シリーズらしさは健在。むしろ愛が伝わるほど忠実!

 『ガングレイヴ』は、二丁の大型銃“ケルベロス”と棺桶型の多機能武器庫“デス・ホーラー”を武器に、あらゆる敵に対し無限の弾丸をぶっ放して進んでいくゲームです。

 “ケルベロス”にリロードという概念はなく、ただひらすらに目に映るものをぶっ壊して進んでいけるのが本シリーズの魅力と言っていいでしょう。

 主人公のグレイヴにはシールドが設定されており、このゲージが失くなるまで敵の攻撃をノーダメージで受けられるという特徴があります。

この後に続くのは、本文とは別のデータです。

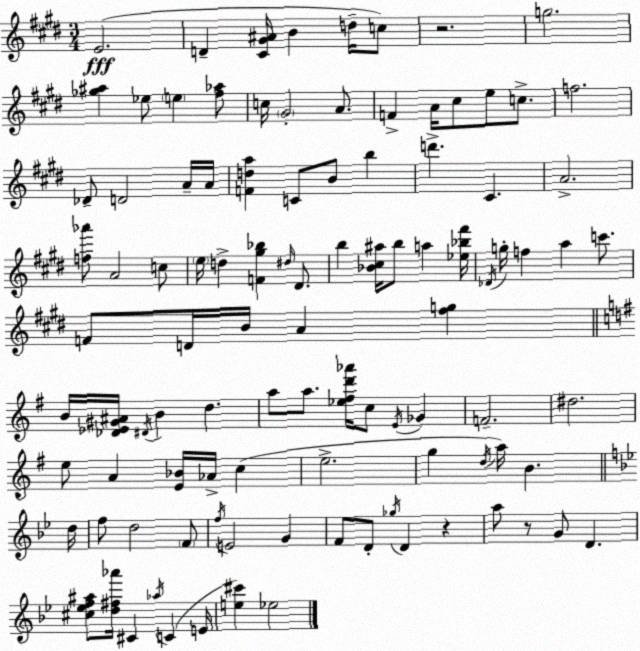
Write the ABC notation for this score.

X:1
T:Untitled
M:3/4
L:1/4
K:E
E2 D [^C^G^A]/4 B d/4 c/2 z2 g2 [_g^a] _e/2 e [^f_a]/2 c/4 ^G2 A/2 F A/4 ^c/2 e/2 c/2 f2 _D/2 D2 A/4 A/4 [Fda] C/2 B/2 b d' ^C A2 [f_a']/2 A2 c/2 e/4 d [F^g_b] ^d/4 ^D/2 b [_B^c^a]/4 b/2 a [_e_b^f']/4 _D/4 g/4 f a c'/2 F/2 D/4 B/4 A [^fg] B/4 [_D_E^G^A]/4 ^D/4 B d a/2 a/2 [_e^fd'_a']/4 c/2 E/4 _G F2 ^d2 e/2 A [E_B]/4 _A/4 c e2 g d/4 a/4 B d/4 f/2 d2 F/2 f/4 E2 G F/2 D/2 _g/4 D z a/2 z/2 G/2 D [^c_ef^a]/2 [d^f_a']/4 ^C _a/4 C E/4 [e^c'] _e2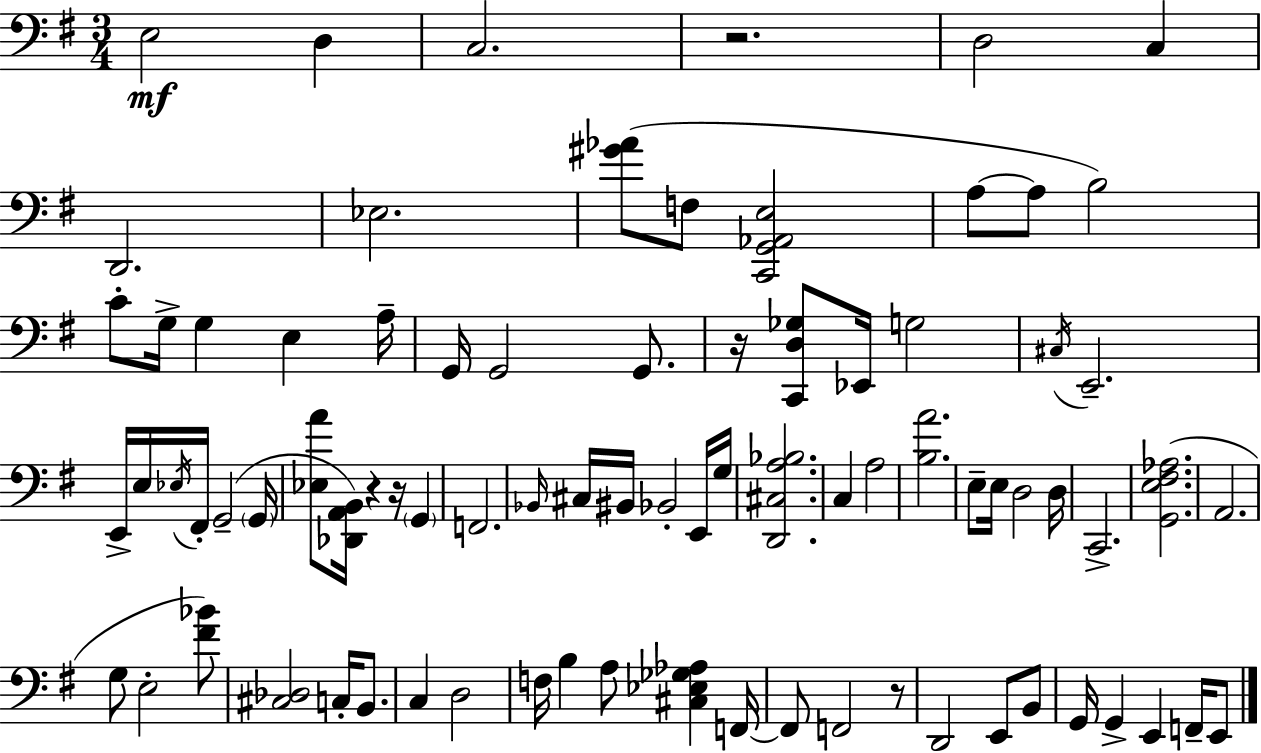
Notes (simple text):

E3/h D3/q C3/h. R/h. D3/h C3/q D2/h. Eb3/h. [G#4,Ab4]/e F3/e [C2,G2,Ab2,E3]/h A3/e A3/e B3/h C4/e G3/s G3/q E3/q A3/s G2/s G2/h G2/e. R/s [C2,D3,Gb3]/e Eb2/s G3/h C#3/s E2/h. E2/s E3/s Eb3/s F#2/s G2/h G2/s [Eb3,A4]/e [Db2,A2,B2]/s R/q R/s G2/q F2/h. Bb2/s C#3/s BIS2/s Bb2/h E2/s G3/s [D2,C#3,A3,Bb3]/h. C3/q A3/h [B3,A4]/h. E3/e E3/s D3/h D3/s C2/h. [G2,E3,F#3,Ab3]/h. A2/h. G3/e E3/h [F#4,Bb4]/e [C#3,Db3]/h C3/s B2/e. C3/q D3/h F3/s B3/q A3/e [C#3,Eb3,Gb3,Ab3]/q F2/s F2/e F2/h R/e D2/h E2/e B2/e G2/s G2/q E2/q F2/s E2/e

 敵の雨のような銃弾にはびくともせず、むしろ二丁拳銃の嵐のような攻撃を無慈悲に放つ。攻撃を受けながらも、100倍の力で返すのが本作のスタイル。

 つまり「素早い動きで敵を翻弄しながら華麗に銃を撃つ」ではなく、敵の攻撃を正面から受けつつ“ケルベロス”と“デス・ホーラー”を駆使して攻略していく、ステージクリア型のゲームとなっています。

 18年経った本作でもそのスタイルは崩れておらず、グレイヴの重たい回避動作やケレン味あふれる“デス・ホーラー”の必殺技“デモリッションショット”は健在。「過去作に忠実に作ってるな~!」と制作陣のシリーズに対する愛に感心しつつ、懐かしい気持ちでいっぱいになりました。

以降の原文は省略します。